Hugh Gillespie (1906-1986)

Hugh GillespieCompiled by Martin McGinley. Uploaded on 7.10.20

A chapter in the book ‘Donegal Profiles’ by the late Joe McGarrigle (1916-1993), the well-known writer and photographer from Donegal Town. 

If Hugh Giillespie’s fiddle playing is out of this world it could well be because he heard fairy music when he was a young boy tending sheep on his uncle’s farm in a remote countryside near Brockagh. 

“I could hear the most beautiful fiddling coming from a wee knowe and I listened spellbound. Then I crawled over to see who was playing and there was nobody there,” he told me.  

When Hugh ran home and told his uncle of his experience he was told: “It was the fairies you heard and you have been touched by it.” 

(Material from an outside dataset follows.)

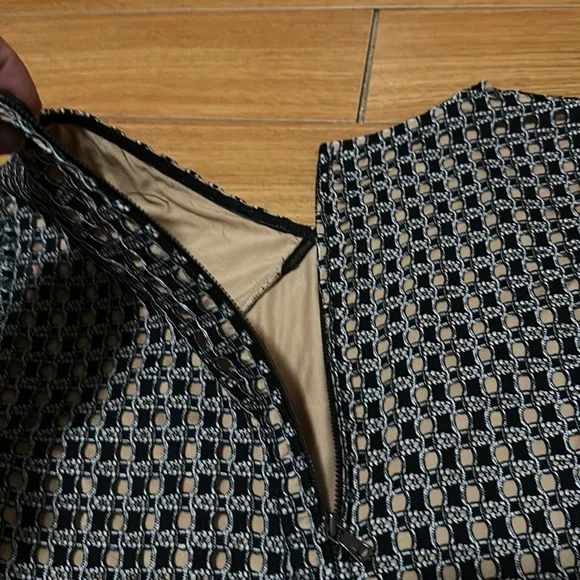 BCBG MaxAzria Top - Picture 7 of 7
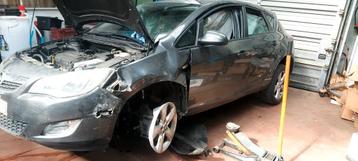 Opel Astra accident 2010 essence automatique, Enlèvement ou Envoi, Opel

Well, whatever the source of Hugh’s great talent he certainly has the power to hold an audience spellbound when he performs.

Perhaps perform is not the right word to use in this context for Hugh Gillespie when he is playing is totally unaware of those around him. He is completely engulfed in a world where his music as an expression of his culture, his sensitivity, his absolute involvement with an inborn tradition. 

It must have been these qualities that attracted the great Michael Coleman [1891 – 1945] to him early in their acquaintance and made him decide to take Hugh under his wing. 

Hugh Gillespie was born Dreenan, Ballybofey, 80 years ago. When he was only three years-old he was taken on an outing to see his grandfather, Hugh McElwee, who lived in Brockagh. That visit was to be a long one for Hugh was to stay there, go to school in the district and live with his grandfather until he emigrated to the States 20 years later. He got his first lesson on the fiddle when he was only seven years old: “My cousin, Eddie McMonagle, who was working in Scotland, brought home a fiddle with him when he came on holidays and it was my plaything from that moment.”

He obviously treated it as more than just a plaything for in a short time he was actually playing for dancers in country house ‘big nights’.

”I must admit that I only had two or three tunes and I kept playing those all night. I just changed the tempo to suit the dance.” he explained. 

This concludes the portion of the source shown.